[Image-text web data]
⟨

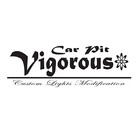 Car Pit Vigorous アプリ ไอคอน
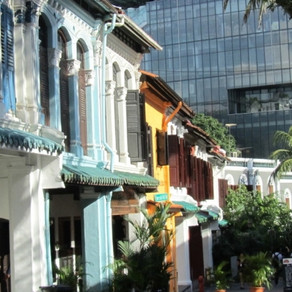 CULTURAL SUSTAINABILITY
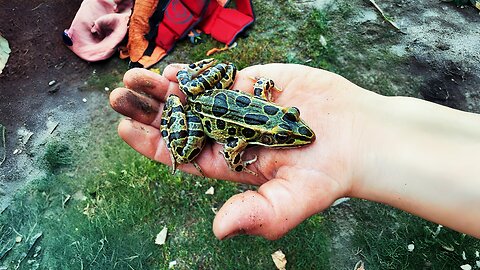 7 Kids + Mom Go Frog Hunting | Mississippi River Adventure – Day 47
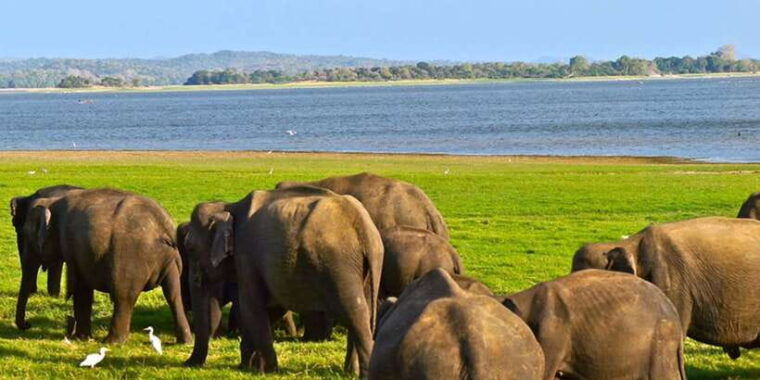 from-ella-shuttle-to-tangalle-hiriketiya-w-udawalawe-safari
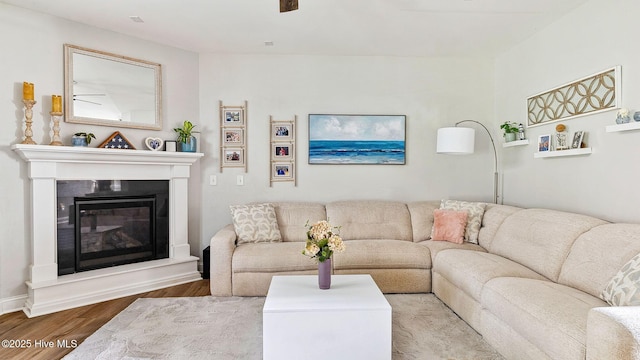 75 Bynum Ct, Vass, NC 28394 - living area featuring wood finished floors and a glass covered fireplace
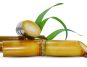 Sugarcane's Hidden Treasures: Unveiling Its Nutritional Riches and Health Benefits Beyond Sweetness
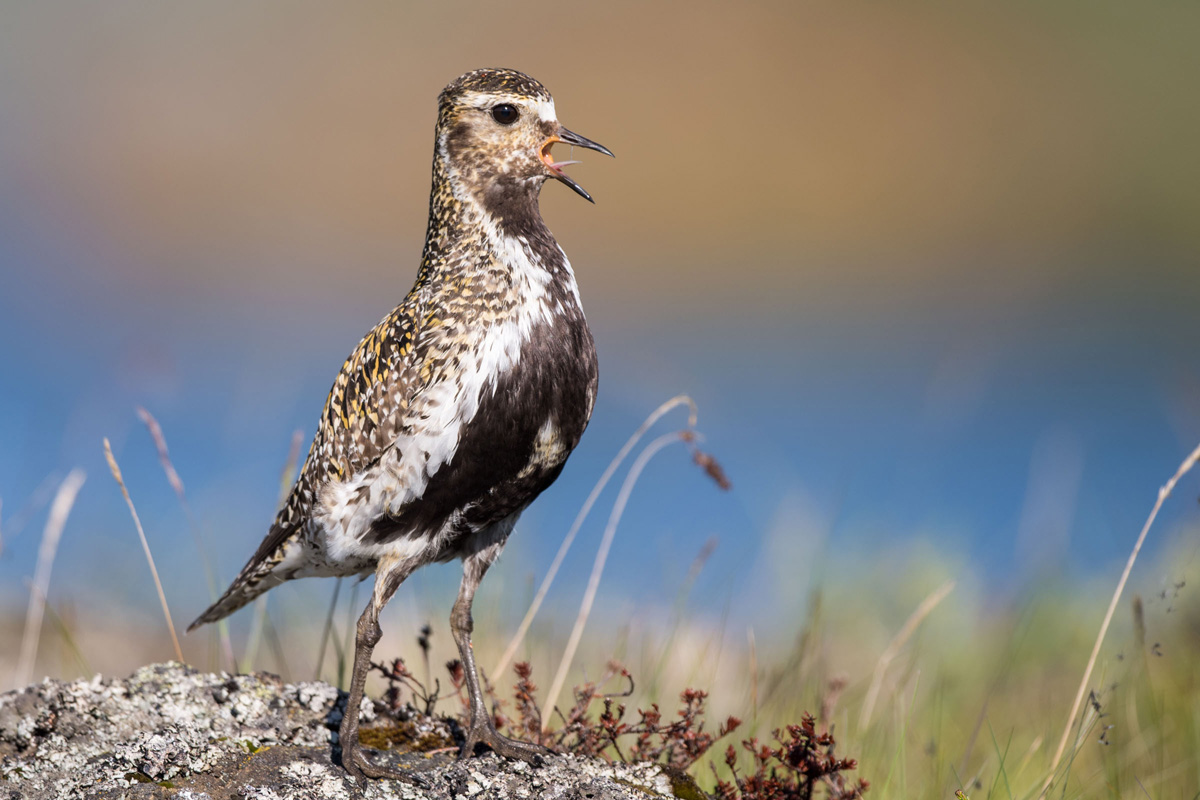 European Golden Plover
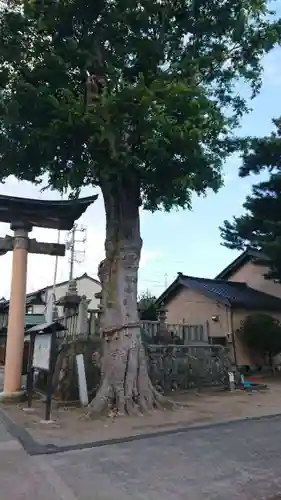  放生津八幡宮の自然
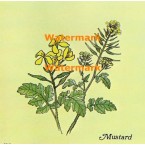 Mustard  - XBKM671  -  PRINT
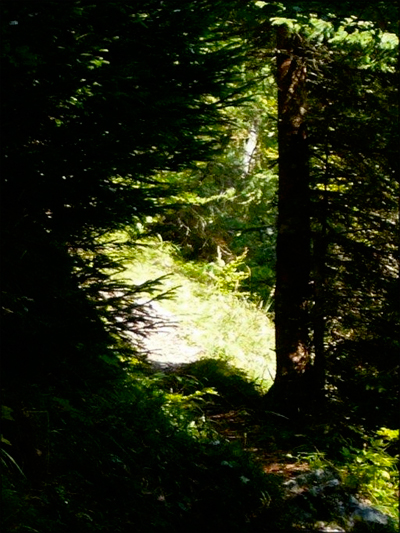 Und doch gibt es immer wieder Licht am Ende eines beschwerlichen Weges! Und doch gibt es immer wieder Licht am Ende eines beschwerlichen Weges!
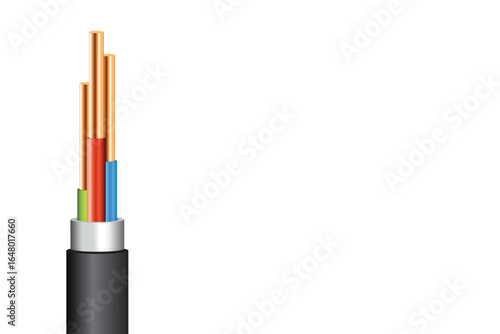 An electrical cable is isolated against a white background. It contains copper wires, color-coded insulation, a silver layer, and a black outer jacket.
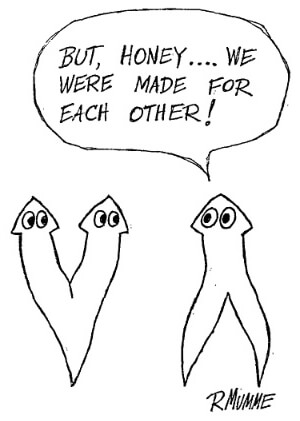 Картинка: Flatworms can be split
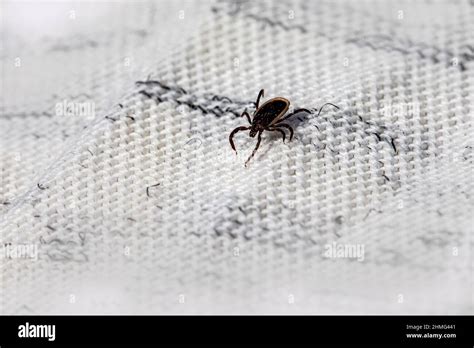 The Castor Bean Tick Ixodes Ricinus Stock Photo Alamy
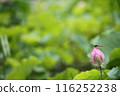 純淨的蓮花 116252238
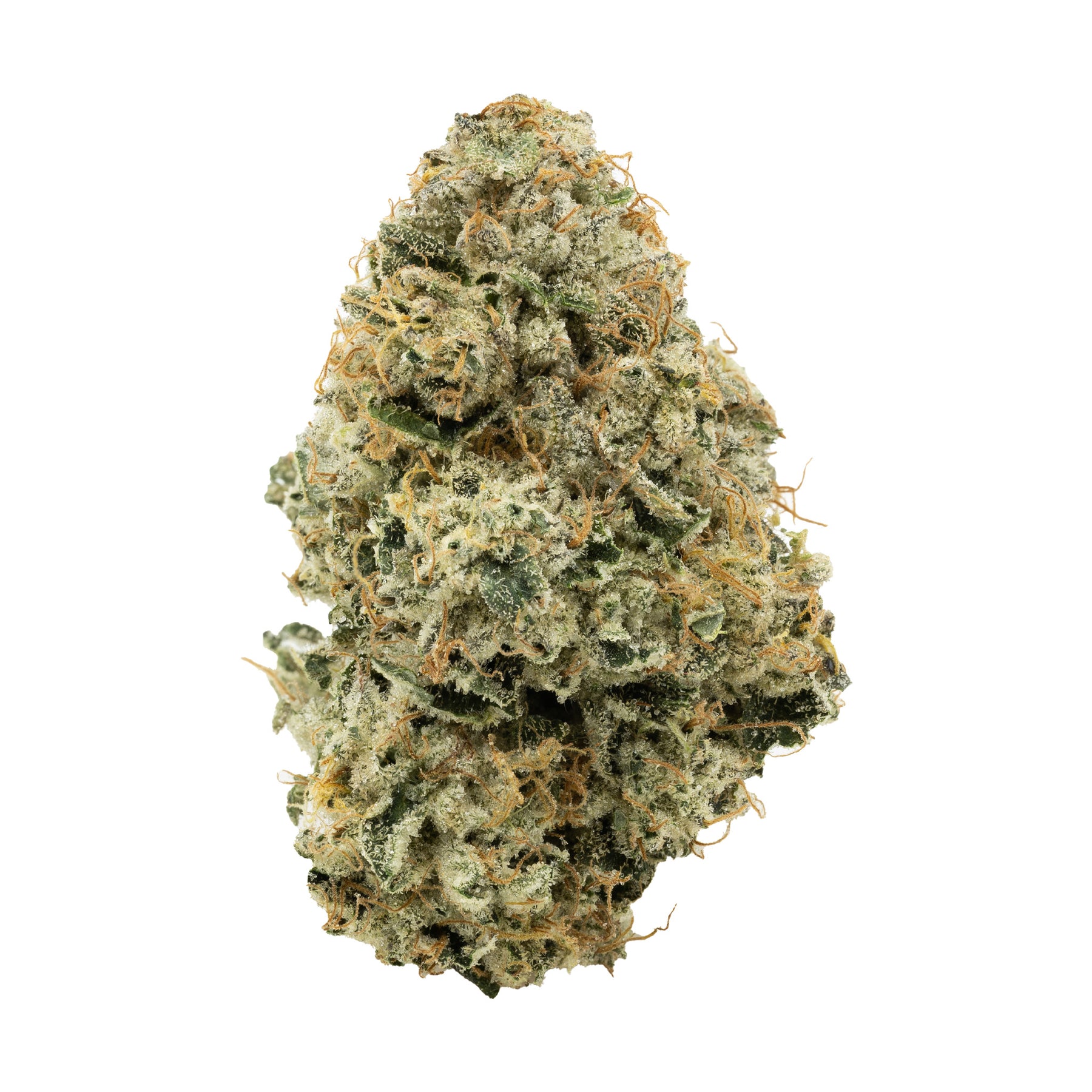 SIMPLY BARE : BC ORGANIC OIL TANKER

⟩

Task requirements:
Starting at the line containing "75 Bynum Ct, Vass, NC" and finishing at the line containing "Картинка: Flatworms can be split", return those lines exactly as they appear above, without the pictures.

Task response:
 75 Bynum Ct, Vass, NC 28394 - living area featuring wood finished floors and a glass covered fireplace
 Sugarcane's Hidden Treasures: Unveiling Its Nutritional Riches and Health Benefits Beyond Sweetness
 European Golden Plover
  放生津八幡宮の自然
 Mustard  - XBKM671  -  PRINT
 Und doch gibt es immer wieder Licht am Ende eines beschwerlichen Weges! Und doch gibt es immer wieder Licht am Ende eines beschwerlichen Weges!
 An electrical cable is isolated against a white background. It contains copper wires, color-coded insulation, a silver layer, and a black outer jacket.
 Картинка: Flatworms can be split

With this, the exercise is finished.